Problem: Emails land in the recipient's spam folder.

Cause: Your sending domain lacks proper DNS records (SPF, DKIM, DMARC) or you send from a free email provider (Gmail, Yahoo).

Fix: Use a dedicated sending domain with proper DNS records. Set up SPF, DKIM, and DMARC records. Use a transactional email service -- Mailgun, SendGrid, or Amazon SES -- that handles email reputation for you.

3. HTML Email Looks Broken

Problem: The email looks fine in Gmail but broken in Outlook or Apple Mail.

Cause: Email clients have different HTML/CSS support. CSS flexbox, grid, and many modern properties do not work in email.

Fix: Use inline styles (not external stylesheets or <style> blocks). Use table-based layouts for complex designs. Test with an email preview tool. Keep it simple -- most transactional emails do not need elaborate designs.

4. Attachment File Not Found

Problem: Messenger.send() returns an error about a missing file.

Cause: The attachment path is relative or incorrect. The file does not exist at the specified location.

Fix: Use absolute paths for attachments. Verify the file exists before calling send(): if not os.path.exists(path): .... If the file is generated dynamically (a PDF, for example), make sure the generation completes before sending.

5. Dev Mode Silently Intercepts Emails

Problem: You configured SMTP but no emails arrive.
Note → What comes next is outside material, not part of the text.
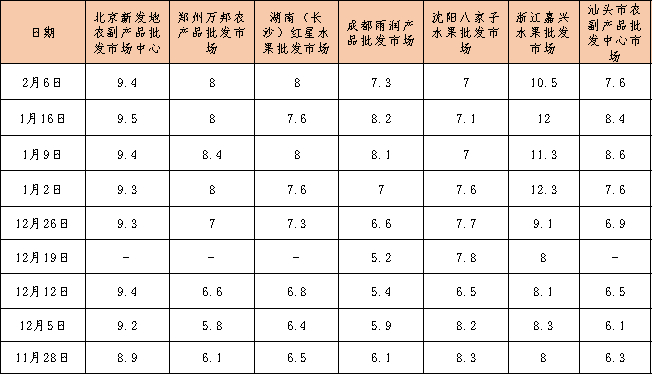 数据来源：新华指数、中国供销农产品批发市场控股有限公司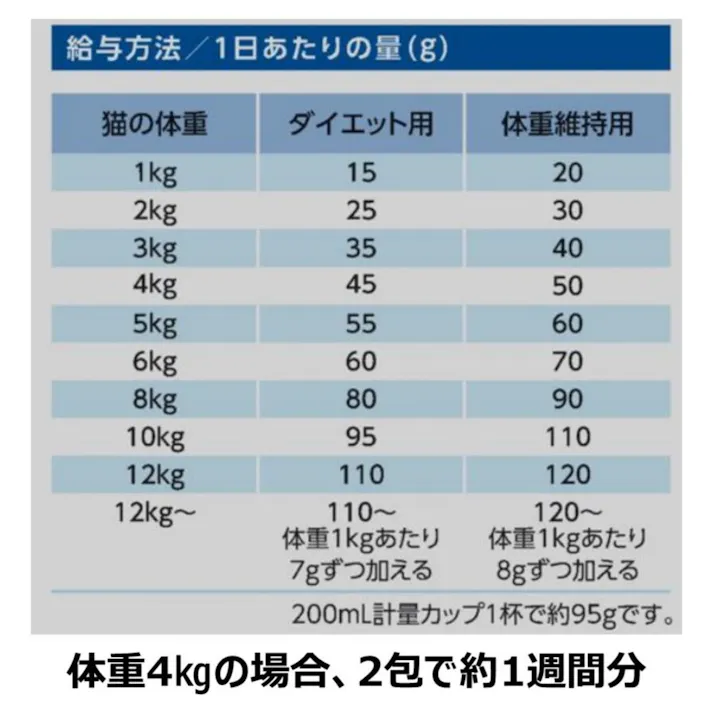 【ケース販売】ファーストチョイス 体型気になる猫 350g(1ケース12個入) キャットフード 2520406012【別送品】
No errors either.

Cause: TINA4_DEBUG=true intercepts all emails and stores them in the dev dashboard. The email never reaches the SMTP server.

Fix: Check the dev dashboard at /__dev for intercepted emails. If you want to send real emails during development, set TINA4_MAIL_INTERCEPT=false. Remove this setting before committing.
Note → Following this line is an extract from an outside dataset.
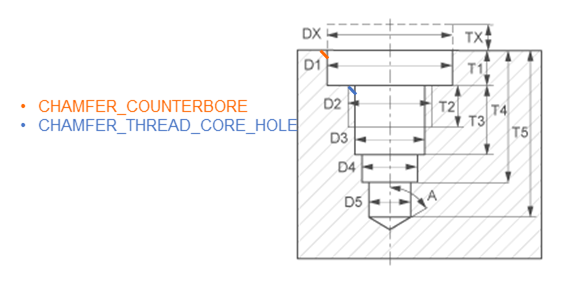 Cooling component with two parameter values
6. Email Template Variables Not Substituted

Problem: The email body shows {{ name }} literally instead of the user's name.

Cause: You passed the raw template file content instead of rendering it through the template engine.

Fix: Use template("emails/template.html", **data) to render the template with variables substituted. Do not read the file with open() -- that gives you the raw template source.

7. Connection Timeout on Send

Problem: Messenger.send() hangs for 30 seconds and then fails with a timeout error.

Cause: The SMTP server is unreachable from your network. The port may be blocked by a firewall, or the hostname may be wrong.

Fix: Test SMTP connectivity with mailer.test_connection(). Verify the hostname, port, and encryption settings. Check that your firewall allows outbound connections on the SMTP port. If you sit behind a corporate firewall, port 587 or 465 might be blocked -- ask your network administrator.

8. IMAP Host Not Configured

Problem: Calling mailer.inbox() raises MessengerError: IMAP host not configured.

Cause: You did not set TINA4_MAIL_IMAP_HOST in .env or pass imap_host to the constructor.

Fix: Add TINA4_MAIL_IMAP_HOST=imap.example.com and TINA4_MAIL_IMAP_PORT=993 to .env. The IMAP host is separate from the SMTP host -- many providers use different hostnames for sending and reading.